Though this reporter’s focus has been on the Sam Mousa budget review marathon, Lenny Curry‘s transition committee meetings continue apace at Jacksonville University. Today, we are sitting in on a couple of these; the first, as the title suggests, is Operations, Human Resources, and Productivity.
The big news out of this: a Neighborhoods Department, cut in recent years, looks to be in the offing for the new administration, as strongly advocated by former Neighborhoods chair and subcommittee chair Kerri Stewart. The open questions are what could go in it.
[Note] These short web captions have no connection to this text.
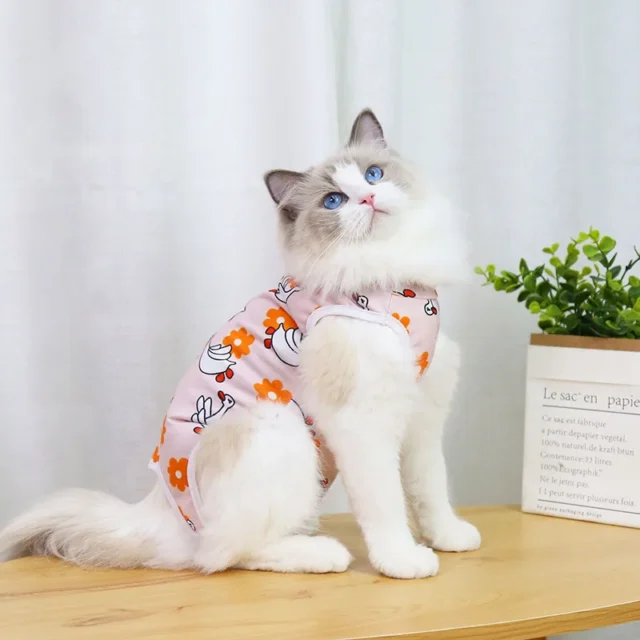 Cat Weaning Sterilization Suit Small Dog Cats Jumpsuit Anti-lick Recovery Clothing After Surgery Cute Print Pet Care Clothes - Image 4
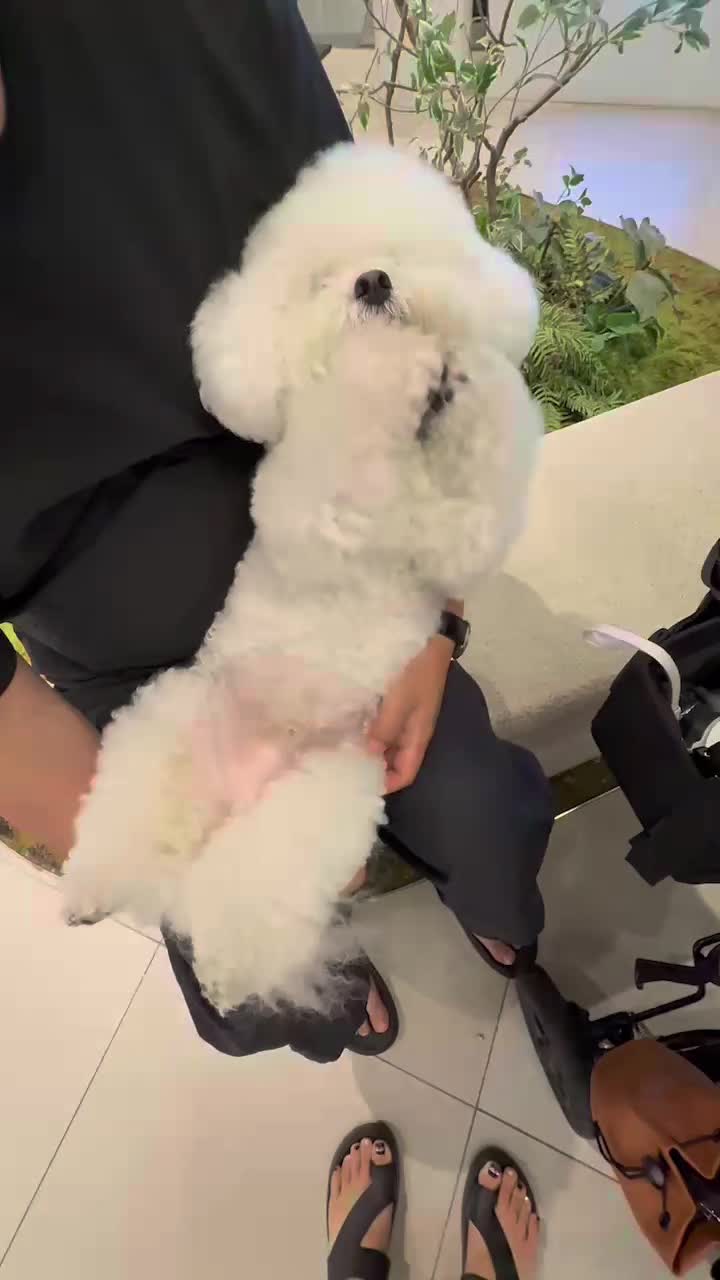 @다산엄마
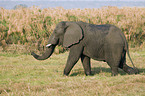 african elephant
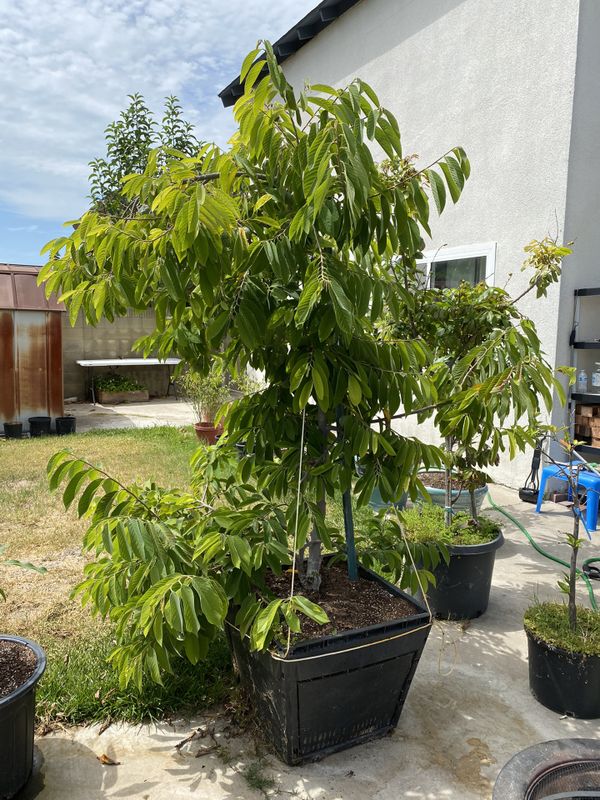 Mang cau Cherimoya Soursop full grown tree for Sale in Westminster, CA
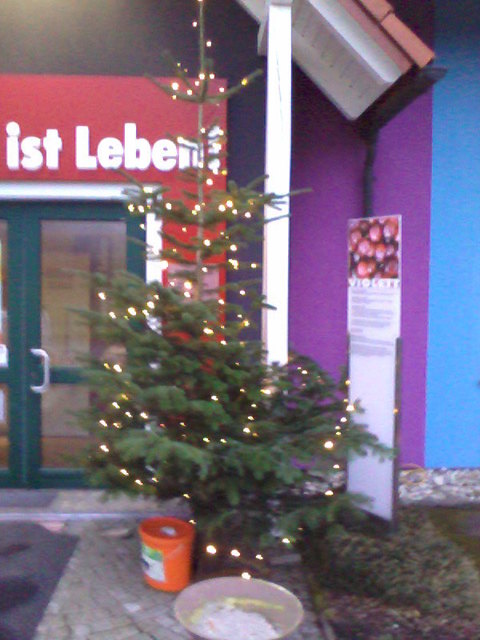 Der festliche Weihnachtsbaum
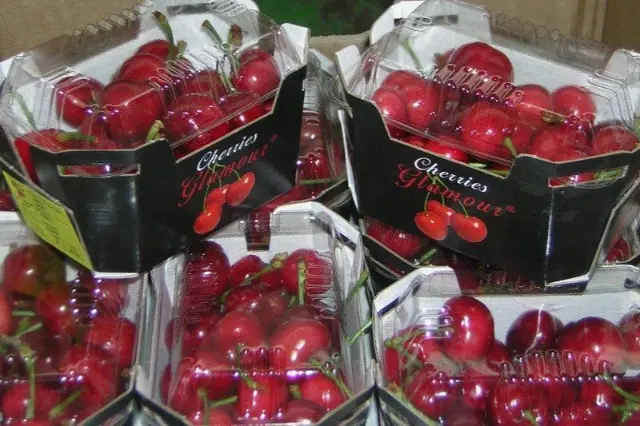 Con un prezzo di 80 euro/kg vendere le prime ciliegie rimane una impresa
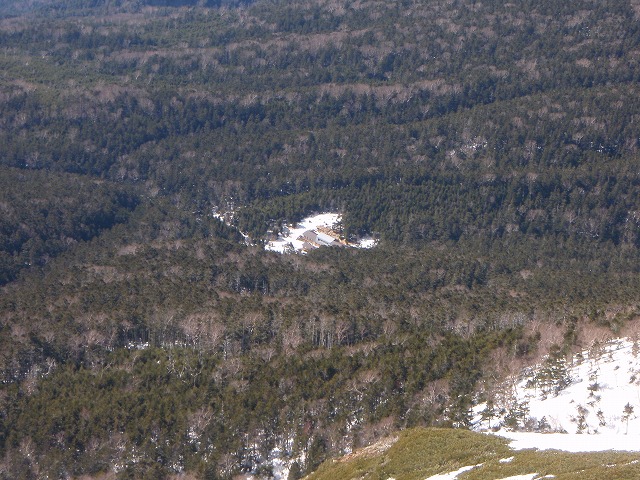 c0147398_1235954.jpg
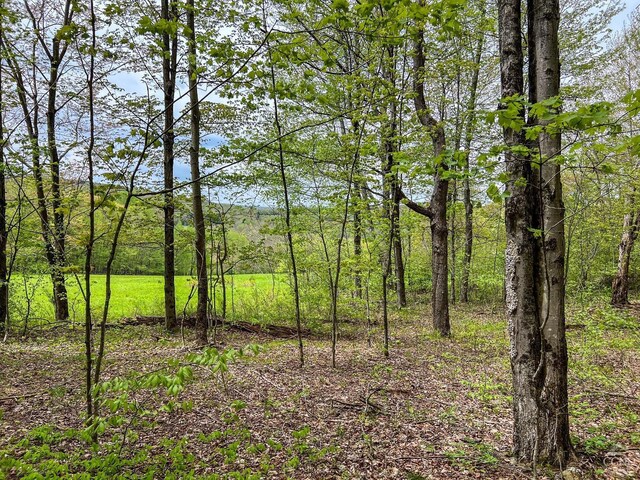 0 State Highway 28, Andes, NY 13731 - photo 34
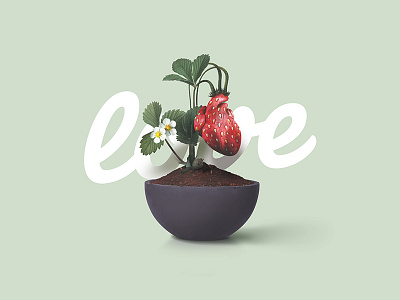 love flower fruit love photo strawberry typography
The session started off with a review of documents encompassing re-organizations, going back to 1997. Kelli O’Leary of the Employee Services division of city government provided Org Charts and other information, including head count snapshots going back to 2008.
Stewart: “We have a lot of information.”
The last org shift, developed by the City Council relative to the Office of Economic Development, went back to 2013.
There also was a discussion of the dismantling of the Neighborhoods department, which apparently had something to do with Council not being happy with the chair of that department, so, in Stewart’s words, they made him the chair of nothing.
The Neighborhoods discussion continued; Stewart pointed out that there is a strong possibility, given her review of the Blight committee’s work, that a Neighborhoods department very likely will be re-created in the coming administration.
Discussion, from the Clara White Mission CEO Ju’Coby Pittman and Neptune Beach mayor Harriet Pruette, reflected a need to include the beaches communities and Baldwin in the mix.
From there, community block grants were discussed. Charles Moreland talked about the value of some grants being combined; however, not all grants can be combined and managed on a larger level. Pittman responded that a grant department might be able to leverage further grant procurement.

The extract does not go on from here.